Sun, Mar 02, 2008 - Page 18 News List

Joseph Stiglitz discusses 'The Three Trillion Dollar War'

In 2005, a Nobel prize-winning economist began calculating the true price tag of the Iraq war. In his new book, he reveals how a war fought in bad faith will affect us all for decades to come

By Aida Edemariam  /  THE GUARDIAN , LONDON

And it is the world economy that is at stake, not just America's. The trillions the rest of the world has shouldered include, of course, the smashed Iraqi economy, the tens of thousands of Iraqi dead, the price, to neighboring countries, of absorbing thousands of refugees, the coalition dead and wounded. But the rising price of oil has also meant, according to Stiglitz and Bilmes, that the cost to oil-importing industrial countries in Europe and the Far East is now about US$1.1 trillion. And to developing countries it has been devastating: they note a study by the International Energy Agency that looked at a sample of 13 African countries and found that rising oil prices have "had the effect of lowering the average income by 3 percent.

Stiglitz made his name by, among other things, criticizing America's use of globalization as a bully pulpit; now he says flatly, "Yes, that's part of being in a global economy. You make a mistake of this order, and it affects people all over the world."

And the borrowed trillions have to come from somewhere. Because "the saving rate [in America] is zero," says Stiglitz, "that means that you have to finance [the war] by borrowing abroad. So China is financing America's war." The US is now operating at such a deficit, in fact, that it doesn't have the money to bail out its own banks. "When Merrill Lynch and Citibank had a problem, it was sovereign funds from abroad that bailed them out. And we had to give up a lot of shares of our ownership. So the largest share owners in Citibank now are in the Middle East. It should be called the MidEast bank, not the Citibank." This creates a precedent of dependence, "and whether we become dependent on Middle East oil money, or Chinese reserves - it's that dependency that people ought to worry about. That is a big change. The amount of borrowing in the last eight years, on top of the borrowing that began with Reagan - that has all changed the US' economic position in the world."

So quite apart from the war, does he think a particular kind of unfettered market has had its day? "Yes. I think that anybody who believes that the banks know what they're doing has to have their head examined. Clearly, unfettered markets have led us to this economic downturn, and to enormous social problems." Combined with the war, whoever inherits the White House faces a crisis of epic proportions. Where do they go from here?

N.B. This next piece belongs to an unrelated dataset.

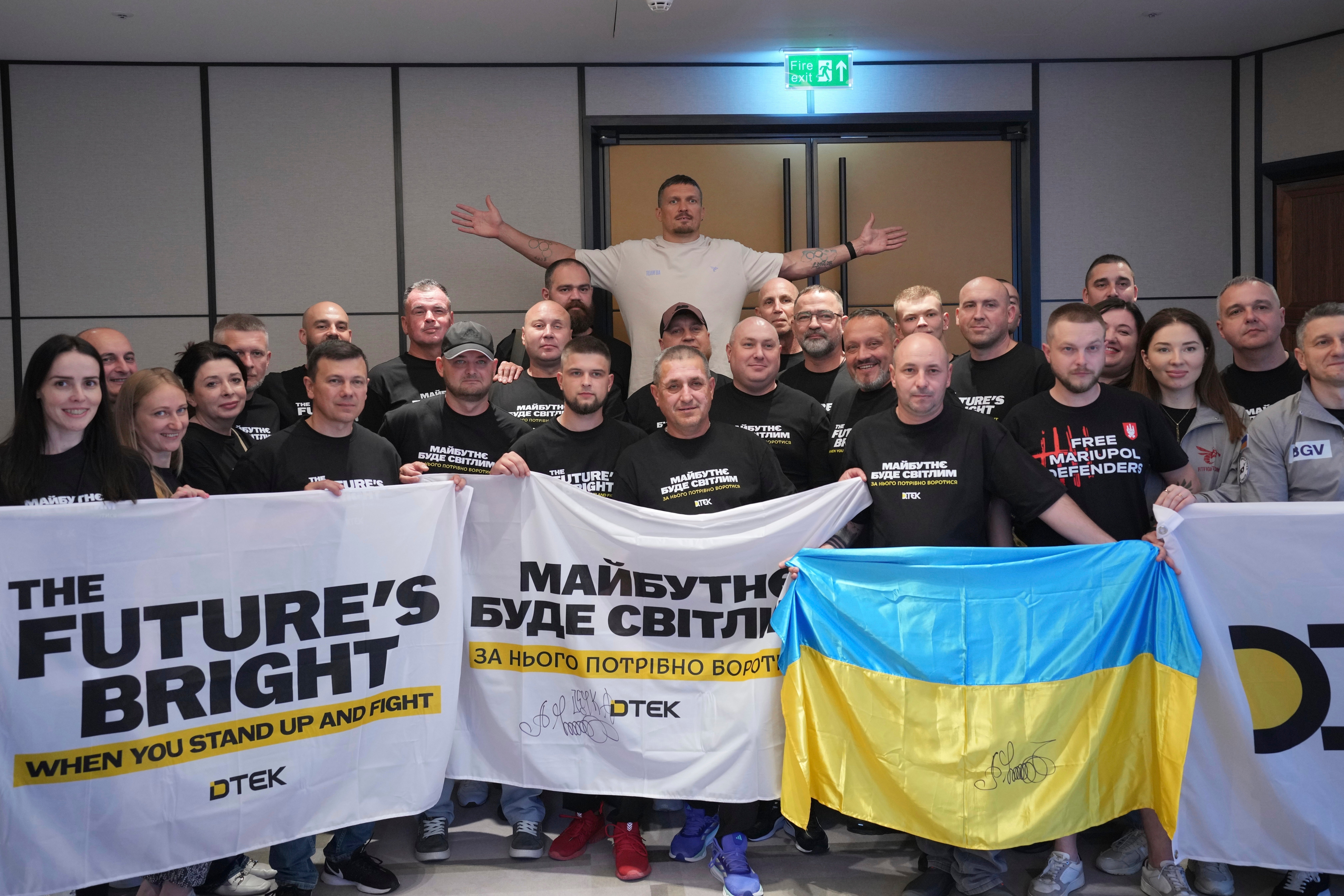USYK-VETERANOS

Stiglitz has been approached by Barack Obama as a possible adviser should he reach the White House, although he says, "I've gone beyond the age where I would want to be in Washington full time. I would be interested in trying to help shape the bigger picture issues, and in particular the issues associated with America positioning itself in the new global world, and re-establishing the bonds with other countries that have been so damaged by the Bush administration."

I suggest, as devil's advocate, that to count costs in the way he has, and to advise retrenchment, might be seen as encouraging America to return to isolationism. "No. I think that's fundamentally wrong. The problem with Iraq was that it was the wrong war, and the wrong set of issues. Obama was very good about this. He said, 'I'm not against war - I'm just against stupid wars.' And I feel very much the same way. While we were worried about WMD that did not exist in Iraq, WMD did occur in North Korea. To use an American expression, we took our eye off the ball. And while we were fighting in Iraq, Afghanistan got worse, Pakistan got worse. So because we were fighting battles that we couldn't win, we lost battles that we could have." To discover that those lost battles included better healthcare for millions of Americans, a robust world economy, a healthier and more independent Africa, and a more stable Middle East, seems worth a bit of green-eye-shaded number crunching.